**Task material:**
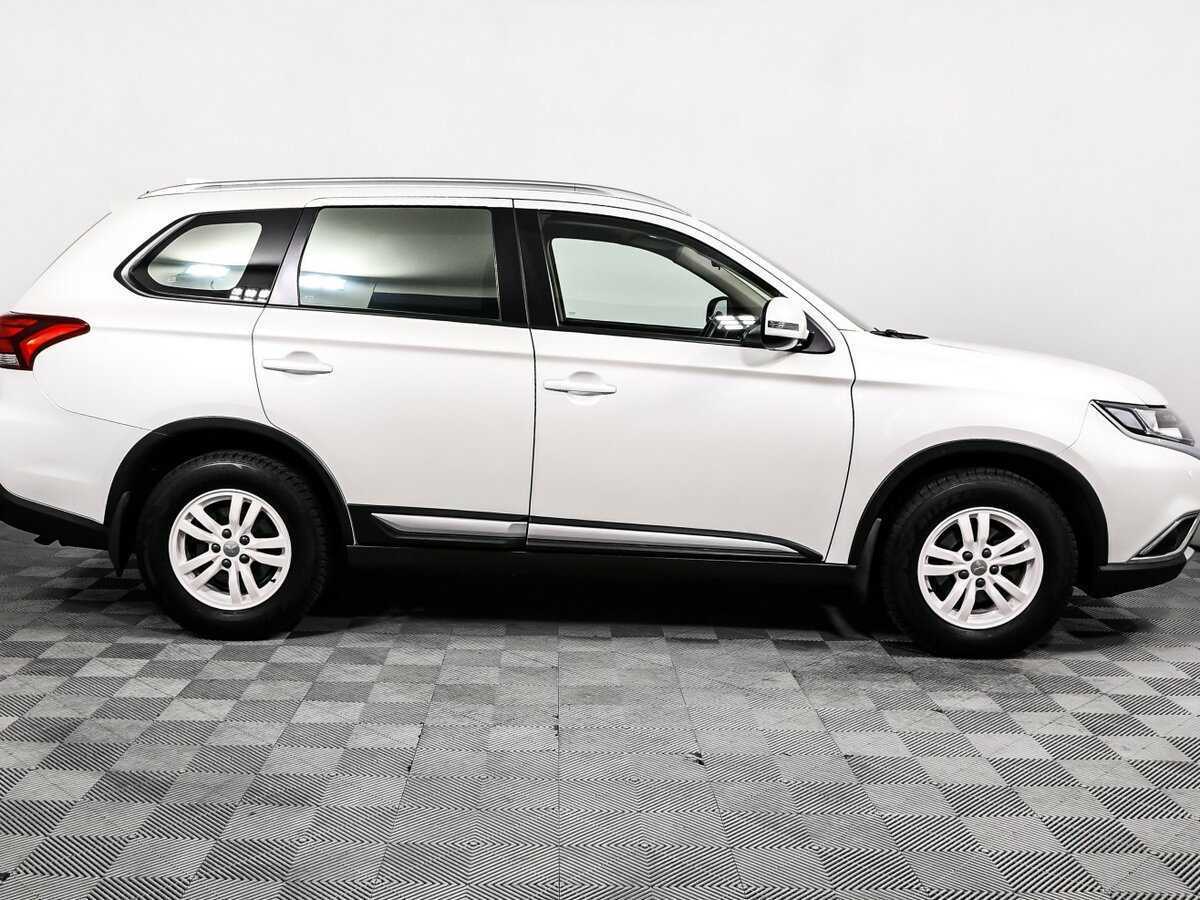 Купить Mitsubishi Outlander с пробегом. Фото: #3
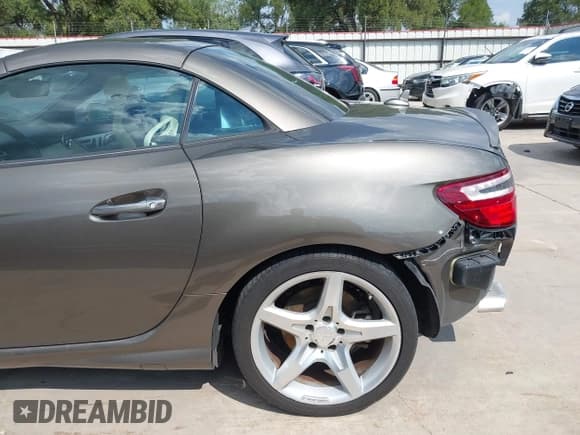 ✅ 2012 Mercedes-Benz SLK 350 • VIN: WDDPK5HA5CF023333 • Лот: 43116924. Опубликован ранее на IAAI с пробегом 50 236 миль. Бесплатный доступ к архиву аукционных продаж из США и подробный отчёт об истории автомобиля на DreamBid. Изображение 18.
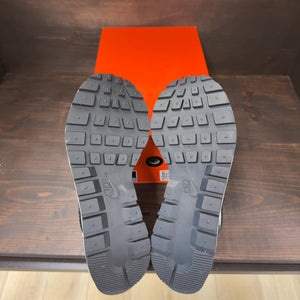 Nike Vaporwaffle sacai Black White - Image 7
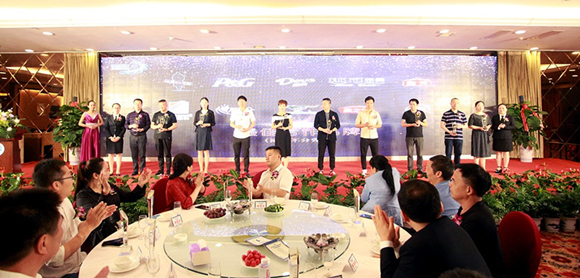 新闻用图5.jpg 新闻用图5.jpg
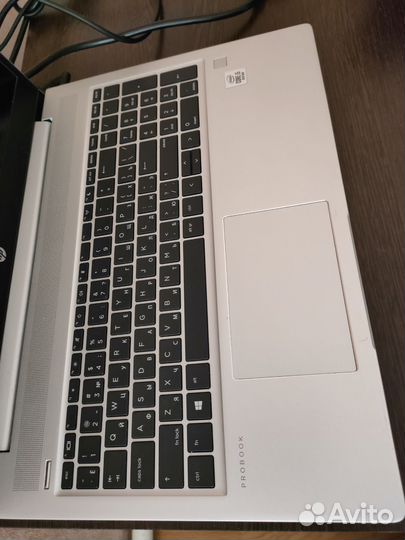 Ноутбук HP ProBook 450 G7 Core i5-10210U 1.6GHz 15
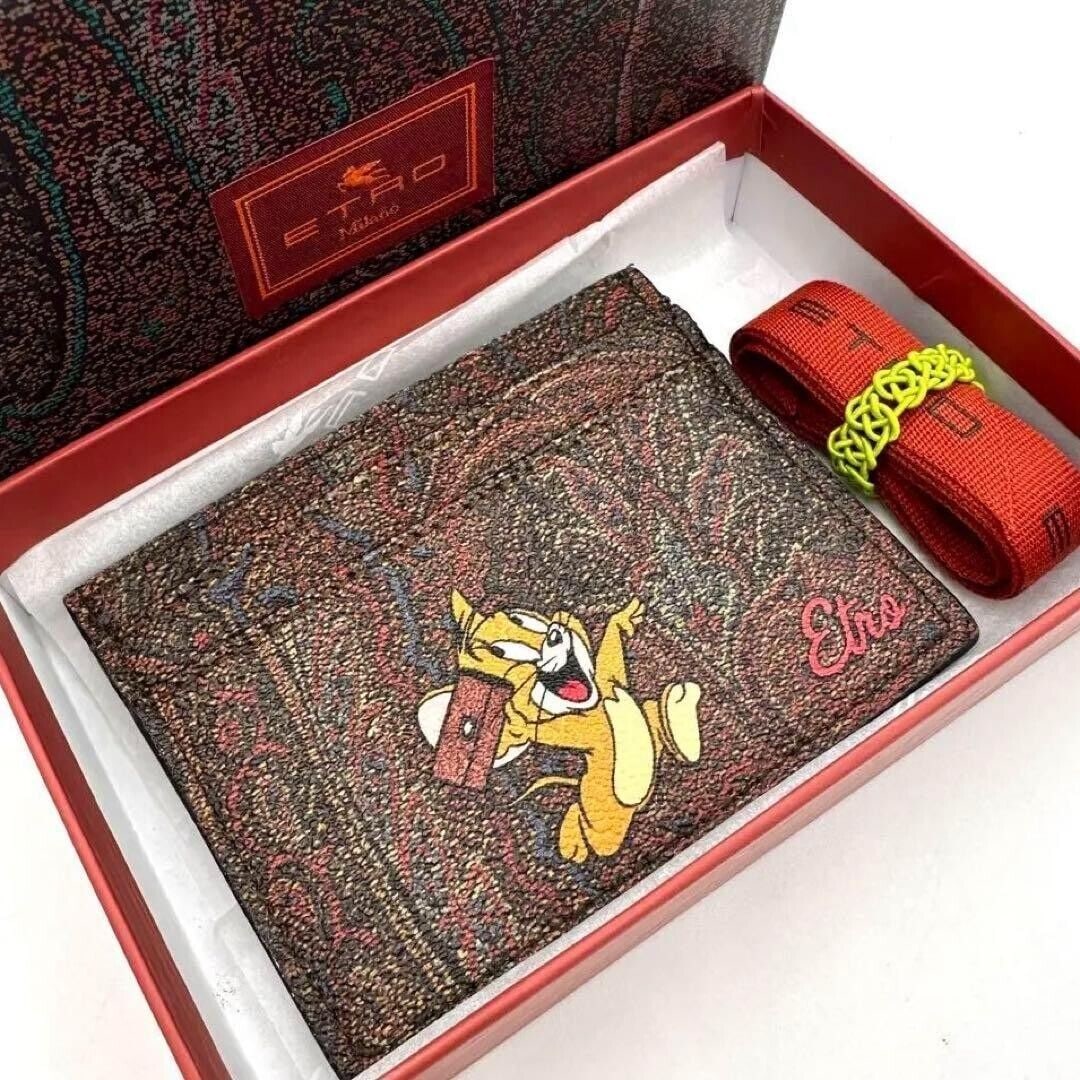 Etro Card Case Tom and Jerry: Etro Card Case Tom and Jerry Collaboration Limited Edition PVC Leather 2.9*3.9 Condition: Pre-owned Brand: ETRO Pattern: Paisley Department: Women Character: tom&jerry Occasion: Casual Ex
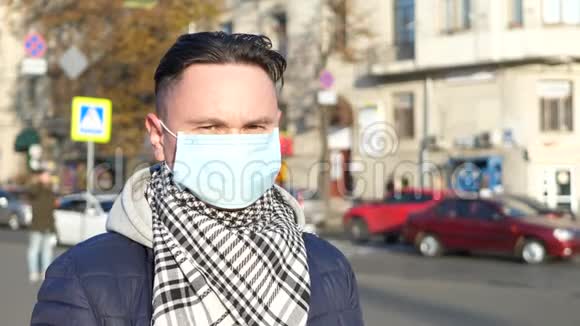 一个戴着面具的人在被浓雾笼罩的城市视频的预览图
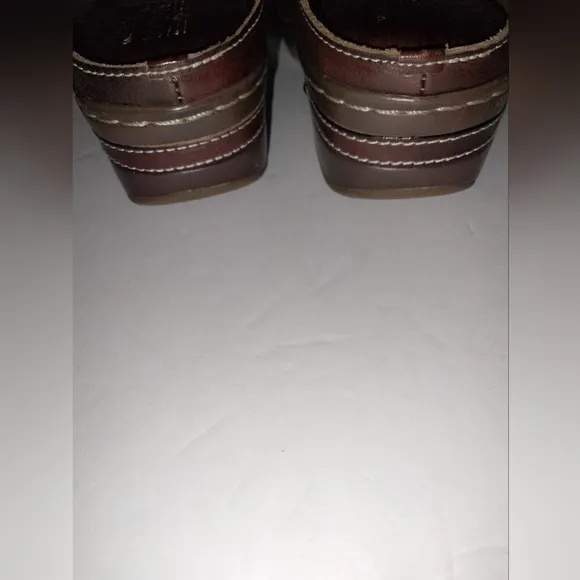 L'Artiste Spring Step (Size 39/US 8.5) Brown Leather Slip-on Padded Chino Clogs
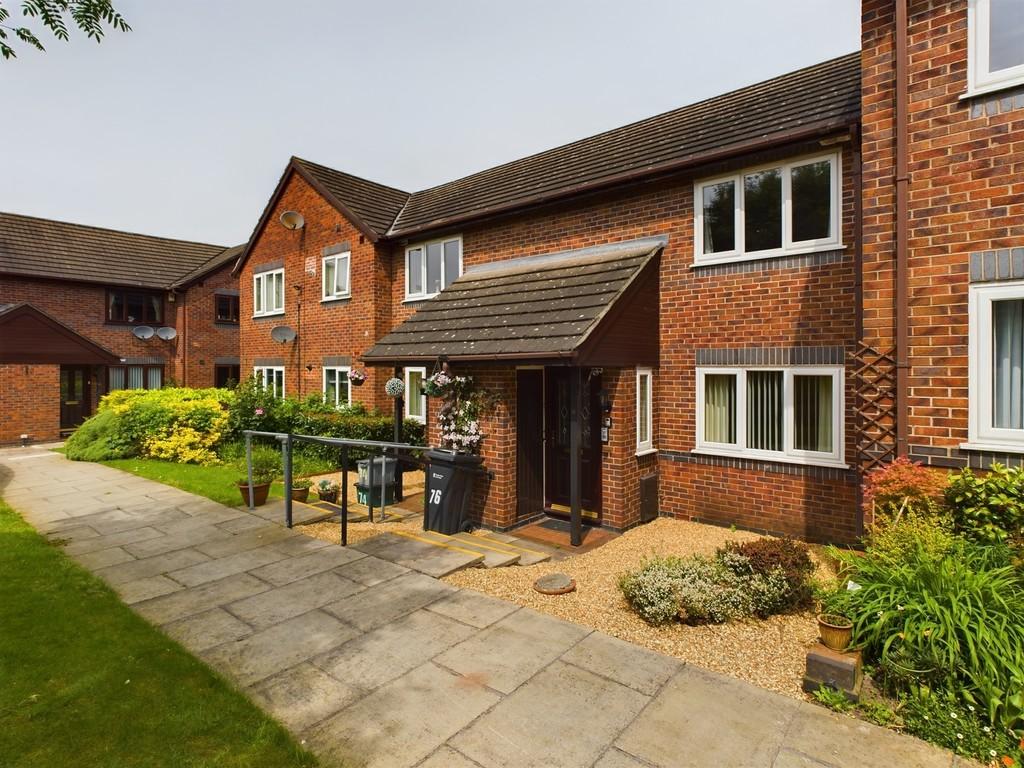 Pearl Lane, Vicars Cross 2 bed apartment for sale £115,000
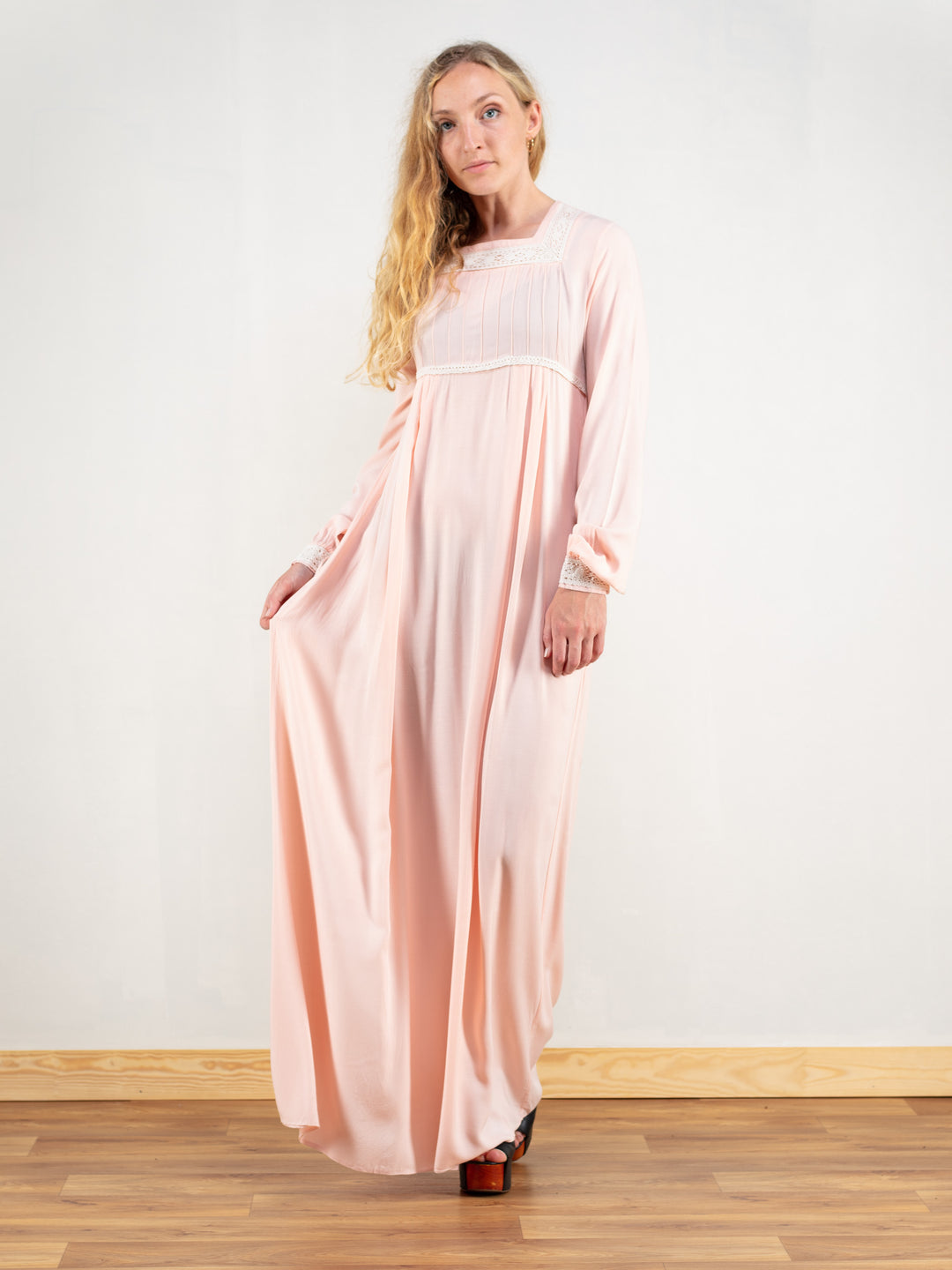 Vintage 80's Women Pastel Pink Maxi Dress - NorthernGrip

**What to produce:** From the top of the listing above, repeat each line exactly until you reach the line containing "Ноутбук HP ProBook", and repeat that one too. Leave the pictures out.

**Answer:**
 Купить Mitsubishi Outlander с пробегом. Фото: #3
 ✅ 2012 Mercedes-Benz SLK 350 • VIN: WDDPK5HA5CF023333 • Лот: 43116924. Опубликован ранее на IAAI с пробегом 50 236 миль. Бесплатный доступ к архиву аукционных продаж из США и подробный отчёт об истории автомобиля на DreamBid. Изображение 18.
 Nike Vaporwaffle sacai Black White - Image 7
 新闻用图5.jpg 新闻用图5.jpg
 Ноутбук HP ProBook 450 G7 Core i5-10210U 1.6GHz 15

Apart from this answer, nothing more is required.